DATA FOR PROCESSING:

== == ==

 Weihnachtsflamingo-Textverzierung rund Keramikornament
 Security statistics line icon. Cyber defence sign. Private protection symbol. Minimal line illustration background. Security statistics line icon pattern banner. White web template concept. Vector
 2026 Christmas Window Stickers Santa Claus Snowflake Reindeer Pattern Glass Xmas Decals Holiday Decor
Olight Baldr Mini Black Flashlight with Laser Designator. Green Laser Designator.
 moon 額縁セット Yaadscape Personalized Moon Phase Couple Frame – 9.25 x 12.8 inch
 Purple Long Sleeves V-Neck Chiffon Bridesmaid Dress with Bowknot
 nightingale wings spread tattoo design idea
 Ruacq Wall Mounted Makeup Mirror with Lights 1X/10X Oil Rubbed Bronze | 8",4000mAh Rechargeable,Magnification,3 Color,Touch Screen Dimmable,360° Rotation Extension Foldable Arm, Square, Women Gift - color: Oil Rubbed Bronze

== == ==

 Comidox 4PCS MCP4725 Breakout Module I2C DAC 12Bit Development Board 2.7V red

== == ==

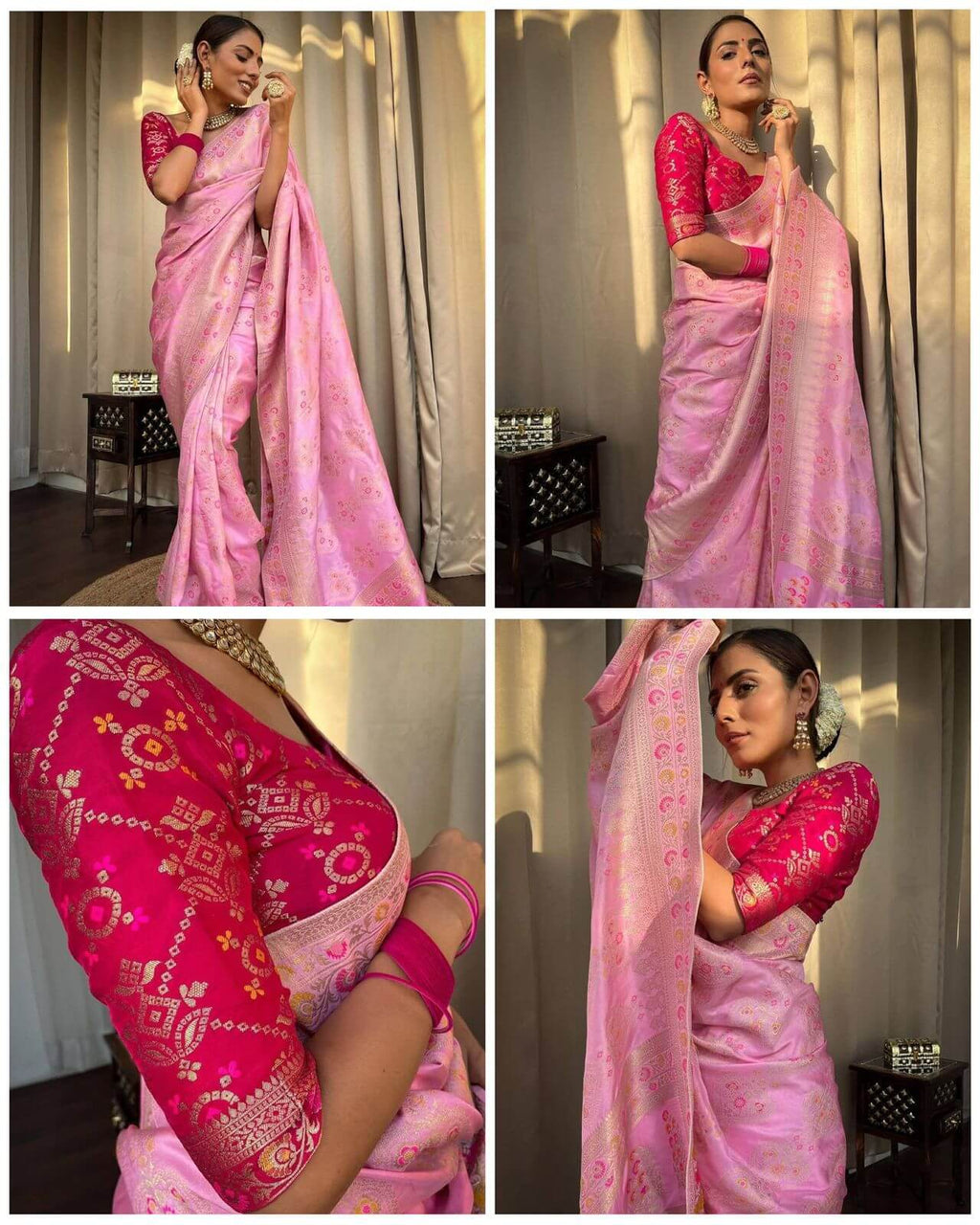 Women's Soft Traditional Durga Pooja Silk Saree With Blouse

== == ==

AIM OF THE EXERCISE: Return word for word the lines above from the line with "Olight Baldr Mini" to the line with "nightingale wings spread tattoo design idea", including both and leaving out all others.

TASK RESPONSE:
Olight Baldr Mini Black Flashlight with Laser Designator. Green Laser Designator.
 moon 額縁セット Yaadscape Personalized Moon Phase Couple Frame – 9.25 x 12.8 inch
 Purple Long Sleeves V-Neck Chiffon Bridesmaid Dress with Bowknot
 nightingale wings spread tattoo design idea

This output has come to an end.